Benjamin Omoike, Lagos
Nigeria stands to lose up to $9 billion worth of its foreign assets following an enforcement application to US and UK courts by Process and Industrial Development (P &ID), a British firm tied up in a legal dispute with the federal government.
The case arose out of the failure of a contract awarded the company in 2010 to process wet gas to power Nigeria’s generating plants.
In January 2017, a London tribunal organized under the rules of the Nigeria Arbitration and Conciliation Act, ordered Nigeria to pay P&ID $6 billion in damages, plus $2.3 million in uncollected interest. That figure has since been attracting interest at the rate of $1.2 million per day and currently stands at over $9 billion.
The next hearing of the case will come up in a London court on May 21.
Founder, Process and Industrial Development (P &ID), Mr. Brendan Cahill, said that the company looks forward to the UK and US courts granting enforcement rights that will allow P&ID to collect what is rightfully hers.

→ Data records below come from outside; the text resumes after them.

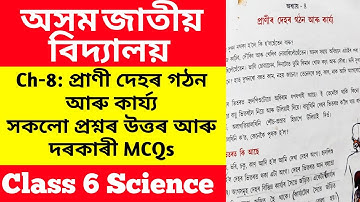 Class 6 science chapter 8 questions answer | প্ৰাণীৰ দেহৰ গঠন আৰু কাৰ্য্য | assam jatiya vidyalaya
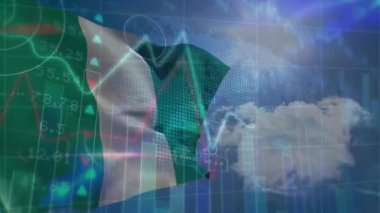 Nijerya bayrağı üzerinde veri işleme animasyonu. küresel iş, bilgisayar ve dijital arayüz kavramı dijital olarak oluşturulmuş video.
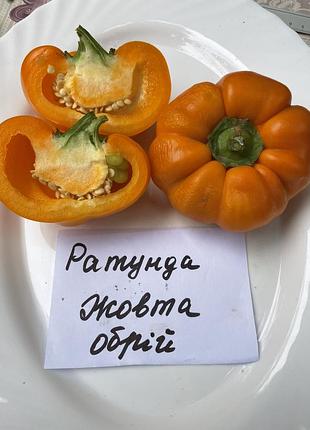 Насіння перцю ратунда жовтий обрій, колекційне насіння перцю , семена перца
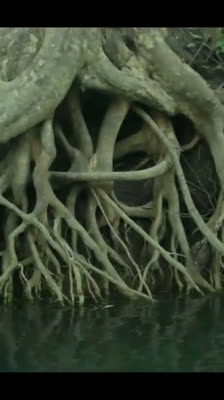 Utforskning av vilda floder i Belize med Igor D'India · The Raftmakers: Avsnitt 1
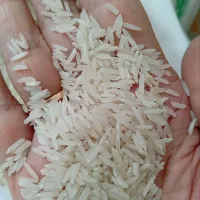 برنج 190|خوردنی و آشامیدنی|نظرآباد, نظرآباد|دیوار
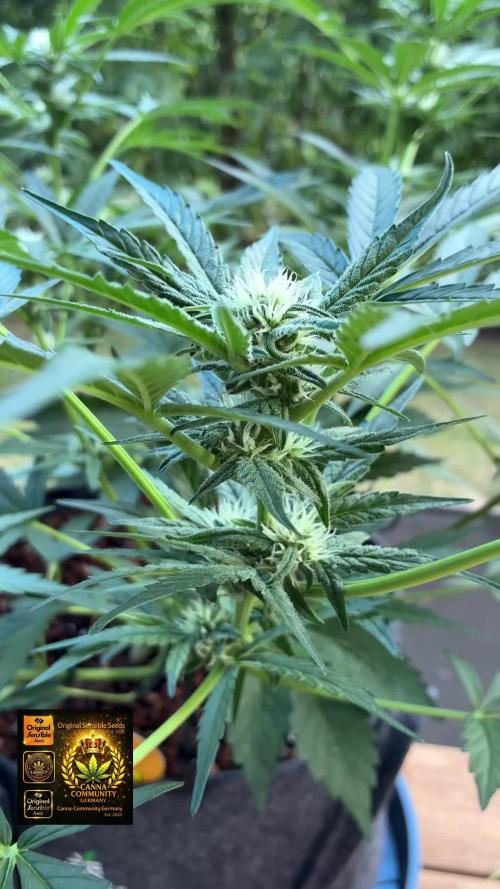 Black Orchid Auto (CCG - Sensible Seeds)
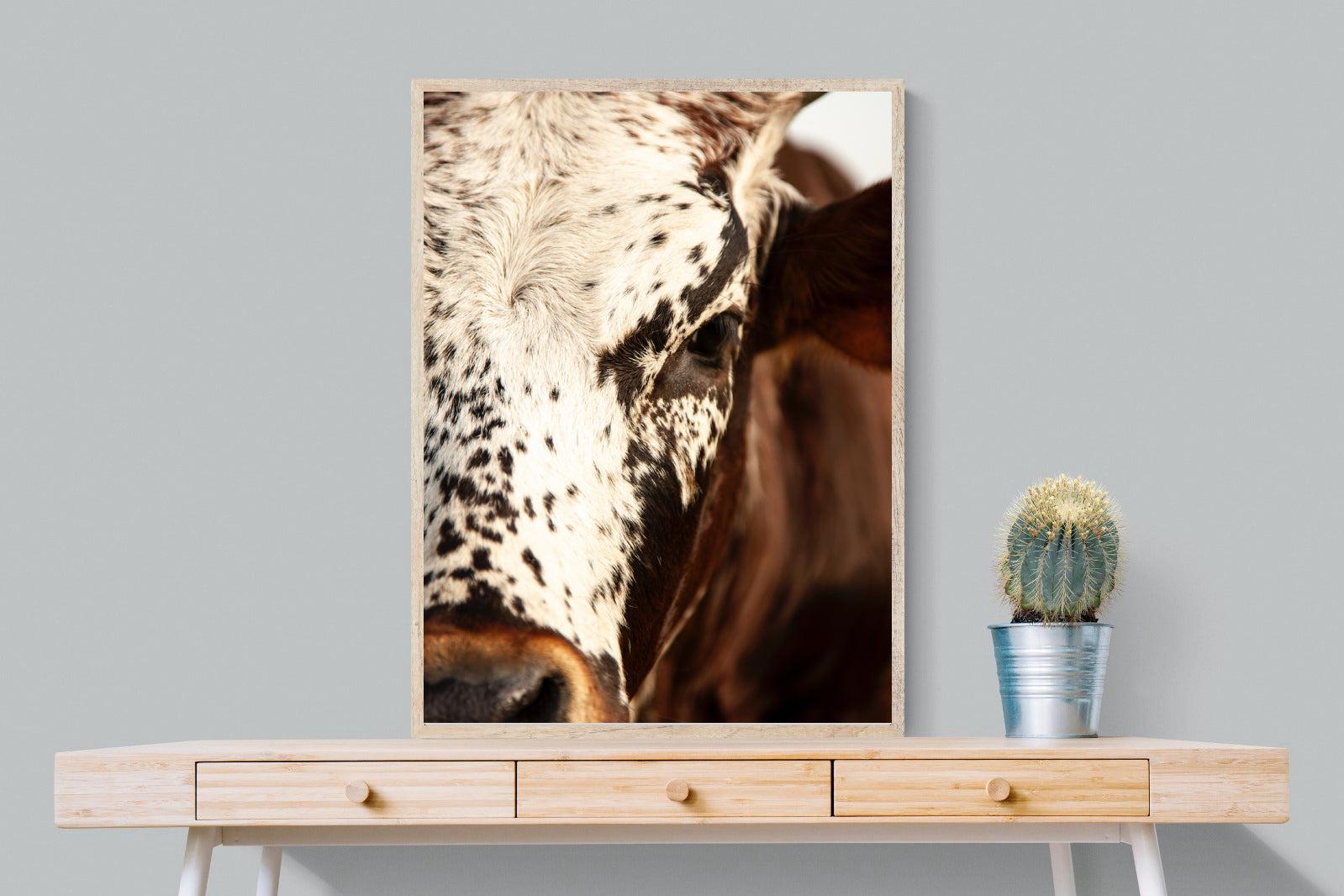 Nguni Close-Wall_Art-75 x 100cm-Mounted Canvas-Wood-Pixalot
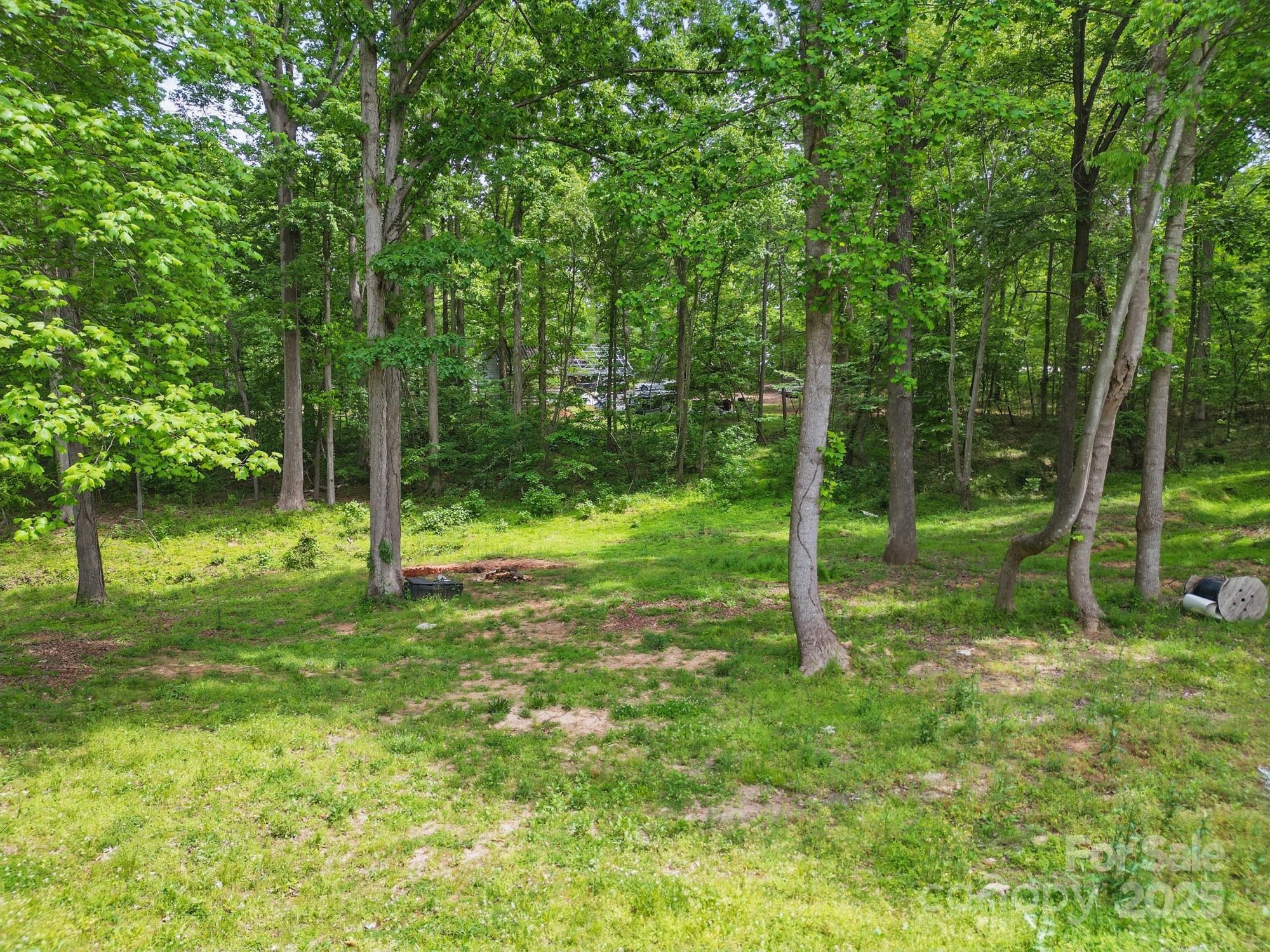 10420 Silver Mine Road Indian Land, SC 29707 - Photo 19 of 27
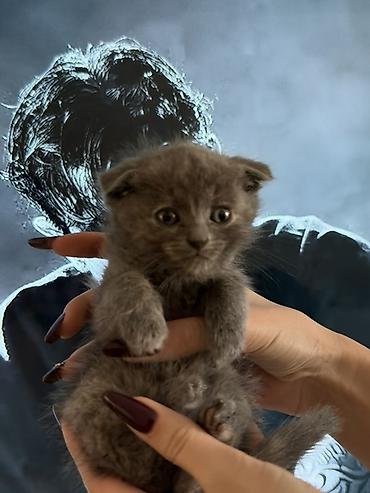 scottish fold: Şotland — 8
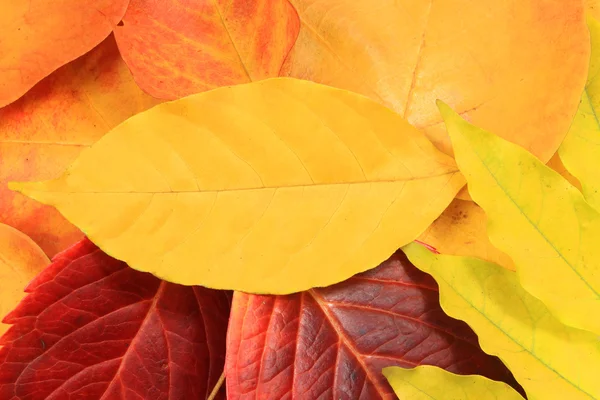 Herbstblätter — Stockfoto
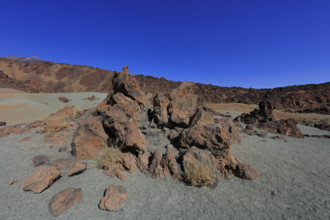 Espagne, iles Canaries, Tenerife, parc National du Teide, Las Minas de San José / Spain, Canary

“If history is any guide – just look at how creditors seized Argentina’s naval frigate while it docked in Ghana. Efforts by Nigeria to evade this judgment will inevitably fall flat.

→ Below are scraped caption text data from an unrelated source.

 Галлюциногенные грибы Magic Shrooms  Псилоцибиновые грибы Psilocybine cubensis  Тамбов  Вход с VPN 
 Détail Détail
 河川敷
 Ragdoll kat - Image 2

The ball is in Nigeria’s court, if the government is prepared to find a good-faith solution,” he said.
Cahill however, indicated that the company was open to negotiations with the federal government to settle the dispute out of court, adding that “P&ID remains open to a settlement on a reasonable basis, but we need a willing partner in government to help resolve this matter. The onus is on the Nigerian government to act in good faith to find a solution.”
After the P&ID’s gas supply and processing agreement with the federal government failed, the company initiated arbitration proceedings in London in line with the original contractual agreement between the parties.

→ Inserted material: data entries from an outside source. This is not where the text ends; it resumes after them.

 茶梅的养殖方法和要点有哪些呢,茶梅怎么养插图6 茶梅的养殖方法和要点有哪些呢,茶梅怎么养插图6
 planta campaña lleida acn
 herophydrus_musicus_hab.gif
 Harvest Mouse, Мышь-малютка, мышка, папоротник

Cahill said the company decided to go to court after several attempts at salvaging the deal were botched.
He said: “P&ID’s agreement failed when the government did not uphold its commitments.
In August 2012, after several attempts over two and half years by P&ID to salvage the agreement, including offers to renegotiate the deal, the company initiated arbitration proceedings.”
Cahill is saddened by the failure of such a promising project and government’s lack of interest in trying to resolve the dispute amicably, adding that the original project would have brought power and economic growth to Nigeria by supplying free natural gas for electricity generation, as well as building a highly successful commercial venture with a share of profits going to the Nigerian government.